In late August 1991, a jury convicted Davis in the slaying. He was
sentenced to death.

Davis and his family struggled to find lawyers who would pay attention to
his appeal. At a key time in his appeal, the Georgia Resource Center,
which was representing Davis, underwent a 70 % budget cut.

"We were getting a lot of law students," Martina Correia, Davis's sister,
said.

She eventually found a pro bono lawyer from Arnold & Porter, a well-known
firm, on Court TV. But by the time the lawyer took on the case, tracked
down witnesses and got depositions recanting some of their original
testimony, the courts said it was too late to press the appeal. Indeed,
the fact that the new evidence is being presented so late is used to
dismiss his attempts to introduce the testimony, his pro bono lawyer,
Jason Ewart, said.

Prosecutors have dismissed the significance of the new testimony.
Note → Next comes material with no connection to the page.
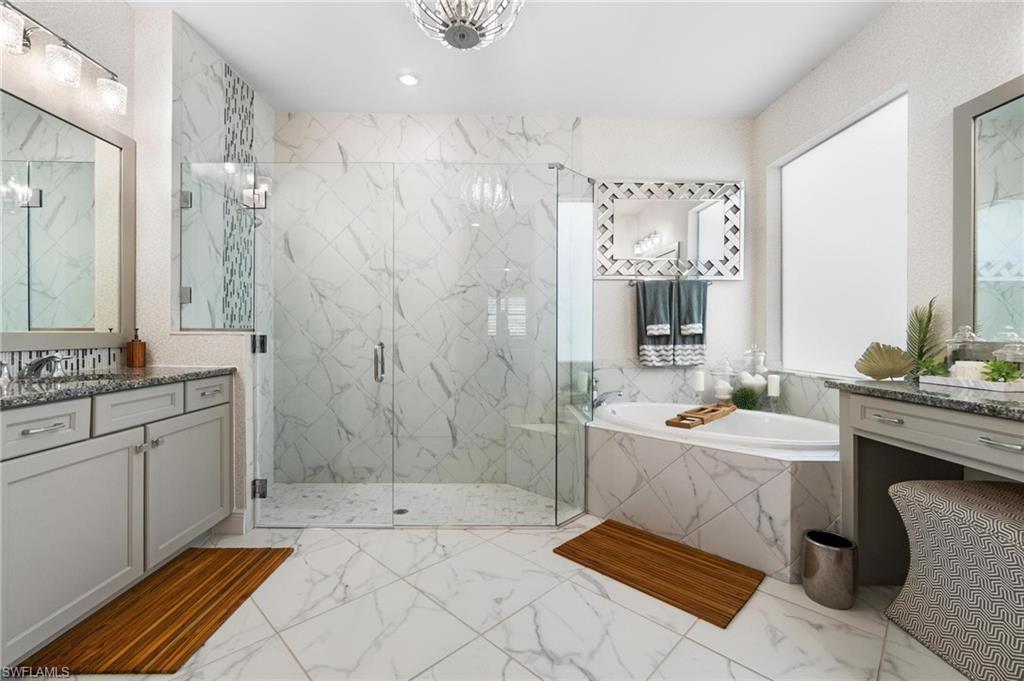 8936 Mustique Lane Naples, FL 34114 - Photo 14 of 29 a spacious bathroom with a double vanity sink toilet and shower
"A recantation . . . does not prove that the witness' testimony was in
every part the purest fabrication," Chief Assistant District Attorney
David T. Lock wrote in legal papers filed last week.
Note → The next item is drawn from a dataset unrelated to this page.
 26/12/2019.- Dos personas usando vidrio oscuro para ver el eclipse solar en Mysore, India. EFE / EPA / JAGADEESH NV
Yet a sense that procedure, rather than the question of innocence, has
driven the case has led Georgia Rep. Hank Johnson (D) to explore changes
in the law that would allow appeals courts to more readily review such
cases.

None of the new rules seems likely to help Davis before Tuesday, however.
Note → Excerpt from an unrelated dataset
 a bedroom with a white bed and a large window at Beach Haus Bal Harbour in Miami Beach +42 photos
"I just think they made a mistake in the investigation," Davis said by
phone last week. "I'm just trying to hold up. . . . I'm trying to maintain
my faith that God will step in and soften the judge's heart."

(source: Washington Post)

********************

Georgia man scheduled for execution


Barring judicial intervention, Troy Davis will be executed Tuesday for
killing a Georgia police officer despite several witnesses recanting their
testimony.

The case illustrates the dangers that have made courts less likely to
overturn a death sentence, The Washington Post reported Monday.

The case against Davis, 38, withered in recent years as most of the key
witnesses at his trial recanted but prosecutors say they still believe he
is guilty, the Post said.

The center of Davis' difficulties is a federal law passed after the
Oklahoma City bombing, the Anti-terrorism and Effective Death Penalty Act
of 1996. The law, aimed at bomber Timothy J. McVeigh, limits the reasons
for which federal courts can overturn death penalty convictions. In
Davis's case, it has blocked exploration of witnesses who allegedly lied
at trial, the Post reported.

Support for Davis' case extends beyond the usual groups that oppose the
death penalty.

"Serious questions have been raised about Davis' guilt," former FBI
director William S. Sessions wrote in the Atlanta Journal-Constitution.
"It would be intolerable to execute an innocent man."

Davis was convicted of the 1989 killing an off-duty police officer, who
was working security at a fast-food restaurant.

(source: United Press International)

**********************

"Do not execute Troy Davis, says Secretary General of the Council of
Europe)


"The execution of Troy Davis, scheduled for 17 July, could become famous
as an irreversible mistake and a tragic miscarriage of justice," said
Terry Davis, the Secretary General of the Council of Europe, in Strasbourg
on Saturday 14 July.

"The conviction of Mr Troy Davis for murder and assault in 1991 was
entirely based on witness testimony. The weapon of the crime was never
found, and there was no other physical evidence in the case.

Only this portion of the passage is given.